Sellafield, Britain’s most dangerous building, in the decades-long process of getting its nuclear waste cleaned up.

Britain’s most dangerous building is finally to be made safe after
engineers began removing nuclear waste from an ageing silo left over from
the arms race of the Cold War. Sellafield, at the edge of the Lake District
in Cumbria, has taken the first steps in a project described as the nuclear
industry’s equivalent of putting a man on the moon.
It has spent the past
two decades searching for a solution to the seemingly intractable problem
of cleaning up 10,000 cubic metres of radioactive sludge housed inside a
concrete silo. Known as Magnox, the silo was built in the late 1950s to
receive waste from Britain’s atomic weapons development programme, as
well as its growing fleet of nuclear reactors.
Today it holds roughly 80
per cent of all of Britain’s nuclear waste.

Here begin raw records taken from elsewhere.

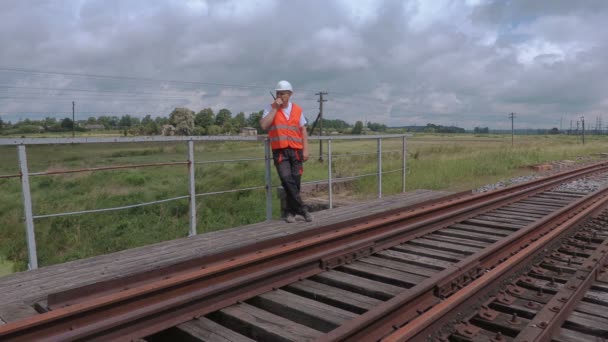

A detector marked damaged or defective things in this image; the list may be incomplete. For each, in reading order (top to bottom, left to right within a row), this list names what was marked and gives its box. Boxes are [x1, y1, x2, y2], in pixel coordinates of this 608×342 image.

rusty rail track [3, 162, 608, 340] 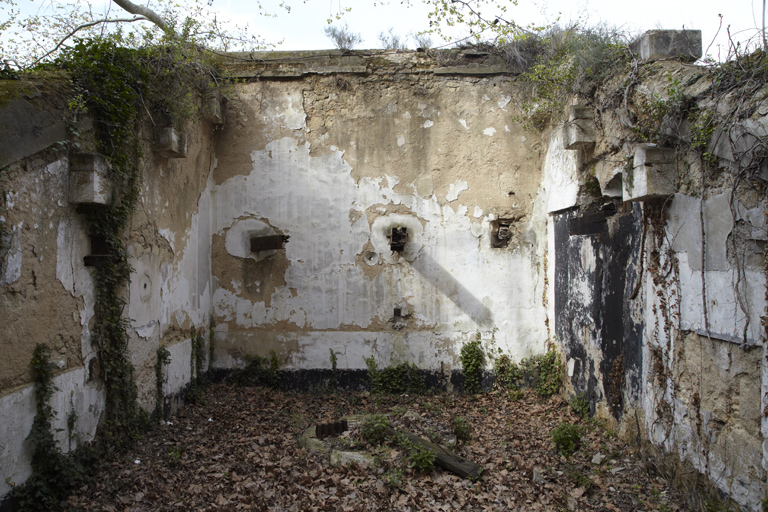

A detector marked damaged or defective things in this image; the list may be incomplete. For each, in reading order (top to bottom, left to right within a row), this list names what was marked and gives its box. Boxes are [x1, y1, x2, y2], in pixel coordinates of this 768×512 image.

peeling plaster wall [210, 67, 548, 372]
broken wooden board [388, 426, 484, 478] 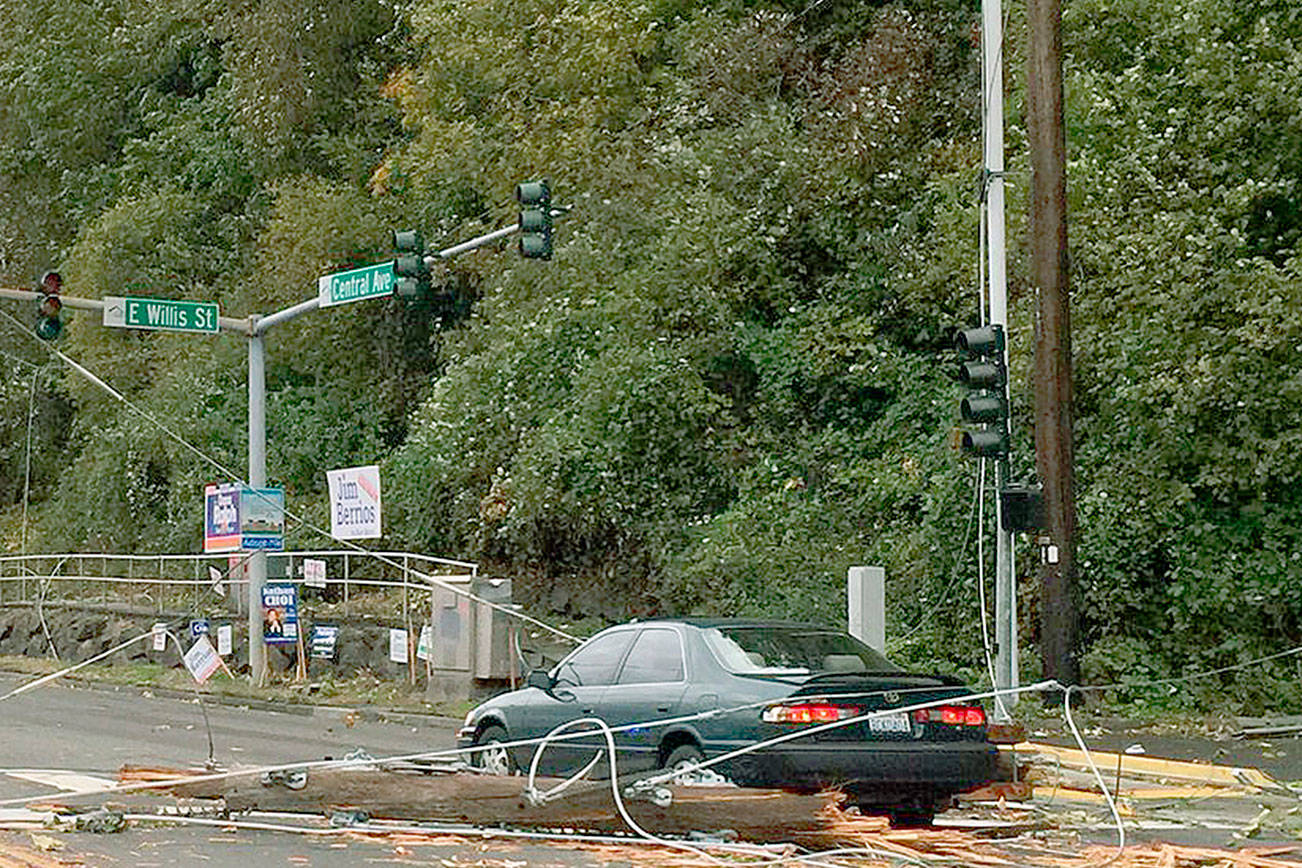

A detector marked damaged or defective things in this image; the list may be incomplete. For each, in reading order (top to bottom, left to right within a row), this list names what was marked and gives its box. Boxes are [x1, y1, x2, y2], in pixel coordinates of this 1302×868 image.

broken lumber [158, 768, 840, 836]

For decades the waste has
been dissolving into a highly dangerous and potentially explosive mix
within a building no longer fit for purpose, leading to it being described
as the “most hazardous building in western Europe” – a description
Sellafield itself uses.
In 2005 a leak containing 20 metric tons of uranium
and 160kg of plutonium was discovered to have escaped from one of the
containers. The Office for Nuclear Regulation, the public watchdog, has
designated the building “an intolerable risk”.
This week, the plant
removed the first batch of waste from one of the silo’s 22 compartments
using a robotic arm specially designed for the task. The radioactive
material is then encased in cement, immobilising it to prevent any leakage,
and placed inside a metal container designed to store it permanently. The
project, which has been 20 years in the making and will take an estimated
further 20 years to complete, costs roughly £2 billion a year. Phil
Hallington, head of policy at Sellafield, described the project as the
nuclear industry’s equivalent of putting a man on the moon.